The Holston Conference recently held its annual Ministers Convocation on the theme of clergy sabbath. Pastors were asked to participate in the webinar and follow up by taking a sabbath day every week of Lent, with the promise of getting continuing education credit.
The convocation organizers had come to the Rev. Kathy Heustess, director of the Holston Center for Wellbeing, and asked what pastors needed now. “Rest,” she said.
Heustess spends weekdays counseling pastors, many of them worn down by the pandemic.
“My schedule is jam-packed,” she said.
The Greater New Jersey Conference recorded worship services with sermons by Bishop John Schol to give pastors renewal time in January. The Rev. Ginny Samuel Cetuk has been going district by district, leading seminars titled “The Landscape of Loss: COVID-19 and Its Challenges to Clergy Wellbeing.”
Cetuk, a retired local church pastor and former associate dean at Drew Theological School, encourages pastors to get professional help as needed.
“God gives us therapists because we need them,” she said.
The same might be said for clergy groups.
Soon after the pandemic hit, the Rev. Cyndi Stouffer, pastor of the United Methodist Church at New Brunswick, started a weekly online devotional for herself and some Greater New Jersey Conference colleagues.

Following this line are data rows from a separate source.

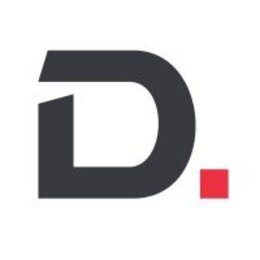 DS-Social-logo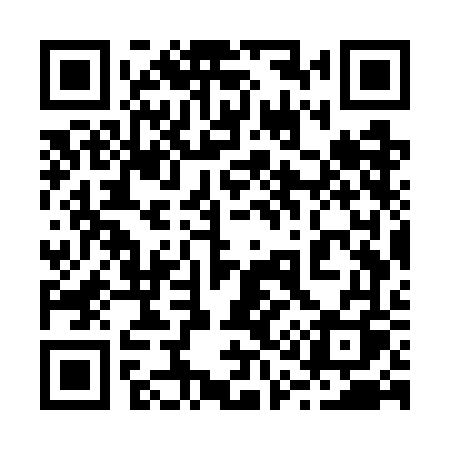 QR code for 217WFQ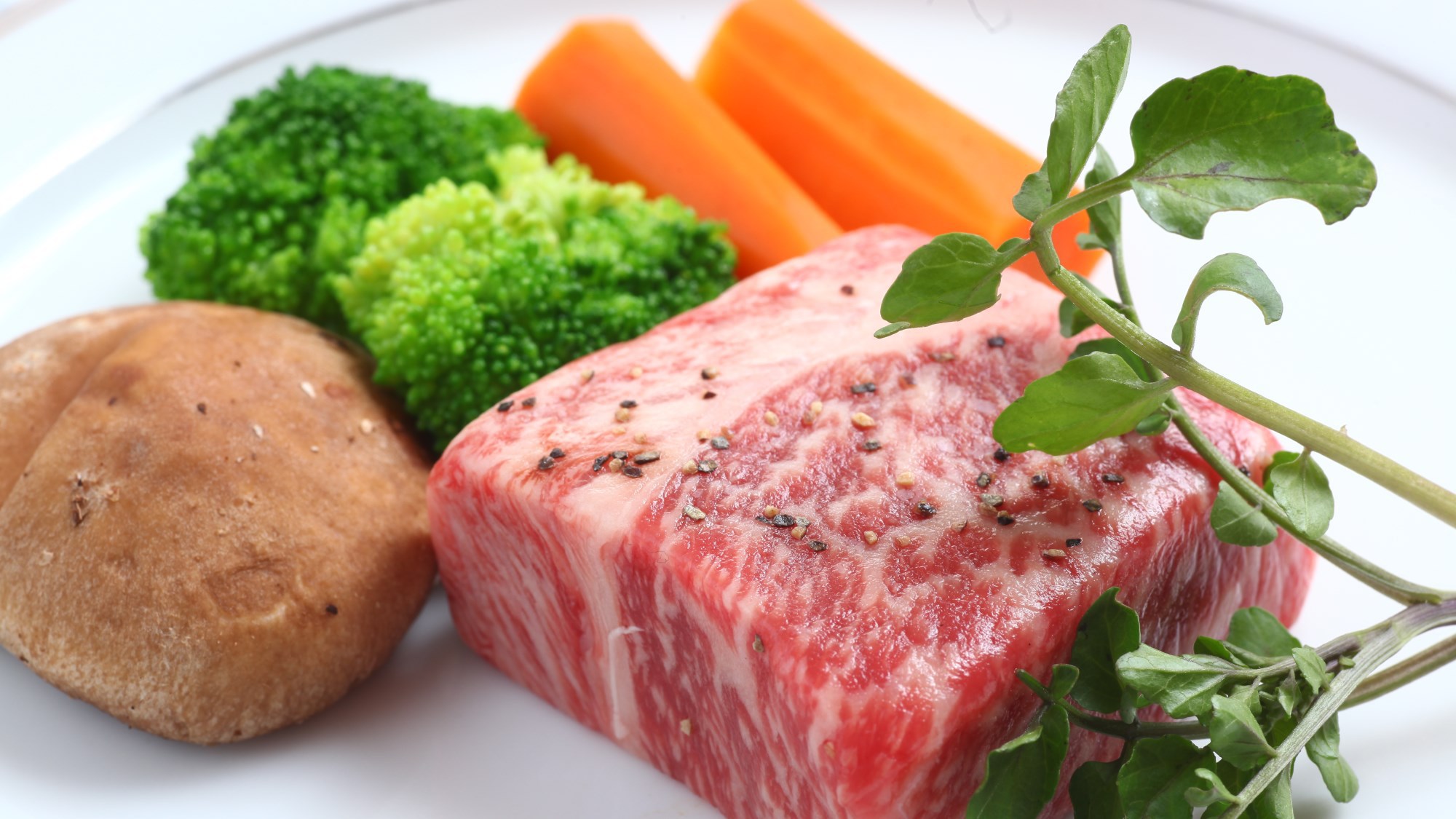 Dogo Onsen Sachiya Image 5, Matsuyama, Japan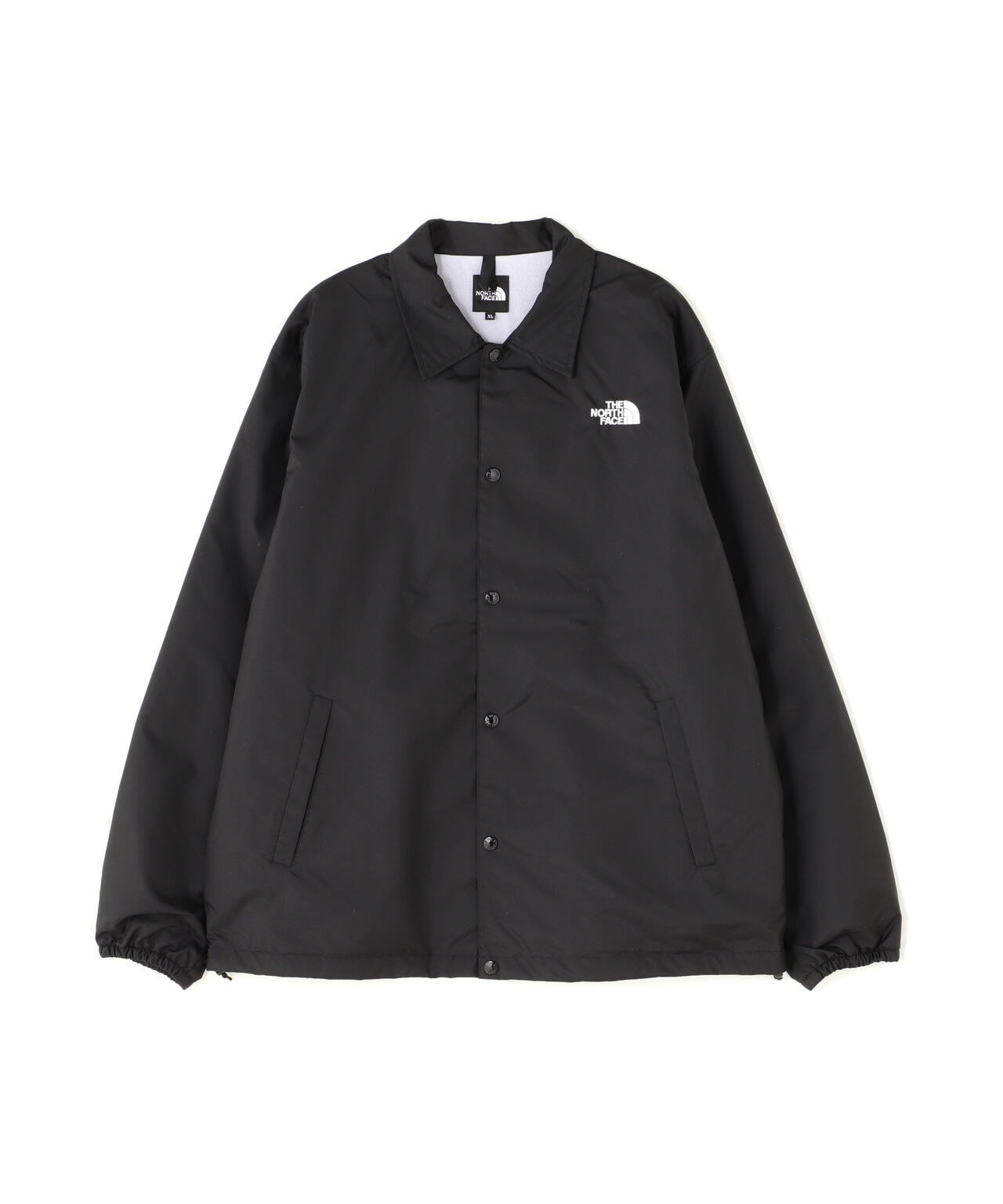 THE NORTH FACE/ザ・ノース・フェイス/THE COACH JACKET | LHP ( エルエイチピー ) | US ONLINE  STORE（US オンラインストア）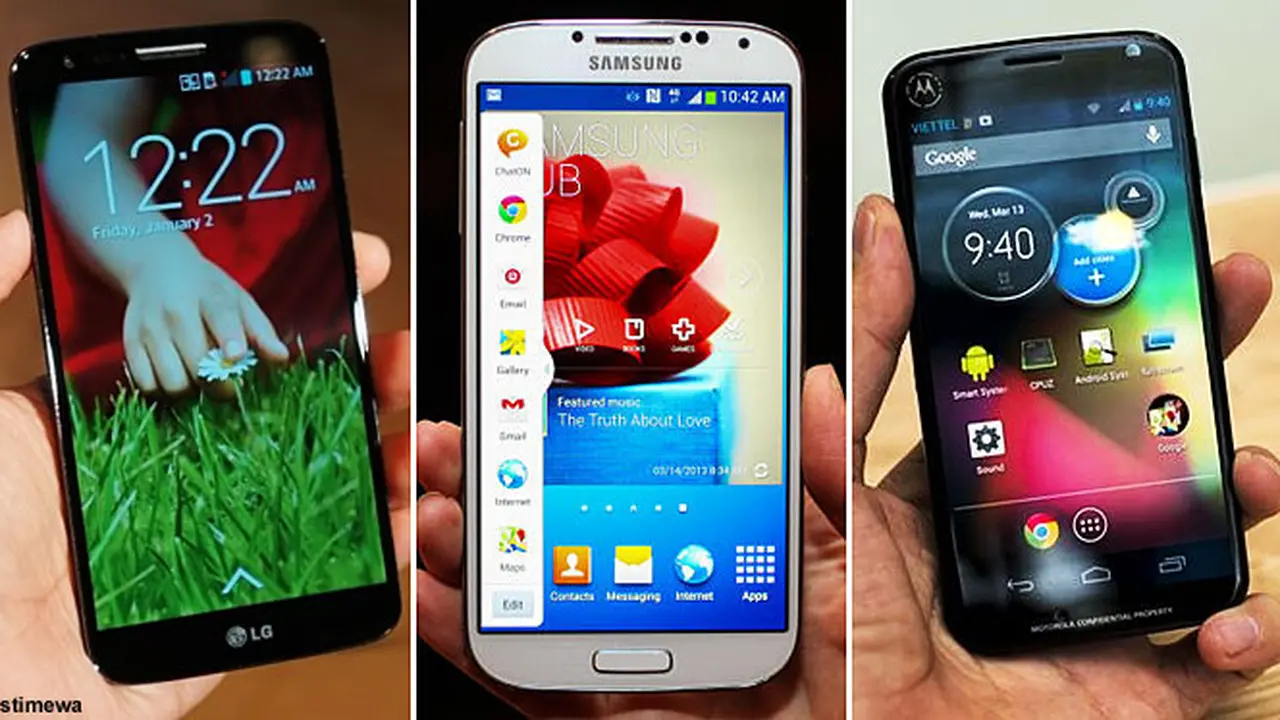 lg-g2-vs-glaxy-s4-vs-motorola-moto-x-130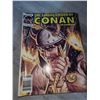 Image 8 : Marvel Comics The Savage Sword of Conan 1987 Cat A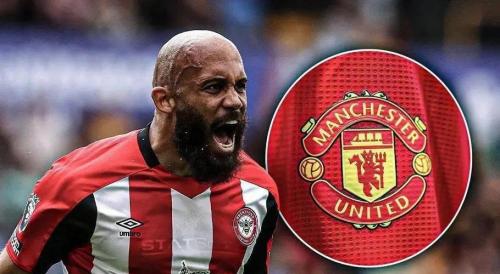 7000万不够！利物浦报价遭拒，19岁荷兰天才成皇马利物浦必争目标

“It kind of hit me. I thought, ‘I’m really going to be drained if I don’t have something that pours back into me,’” Stouffer said.
Nearly a year later, the pastors are still meeting every Wednesday at 8 a.m., for 20 minutes. Sometimes just a handful tune in. But they have helped Stouffer when she has hit a wall in ministry during this pandemic year.
“They’re the people I call on when I’m struggling,” she said. “They’re the ones who know the exact right prayer or poem.”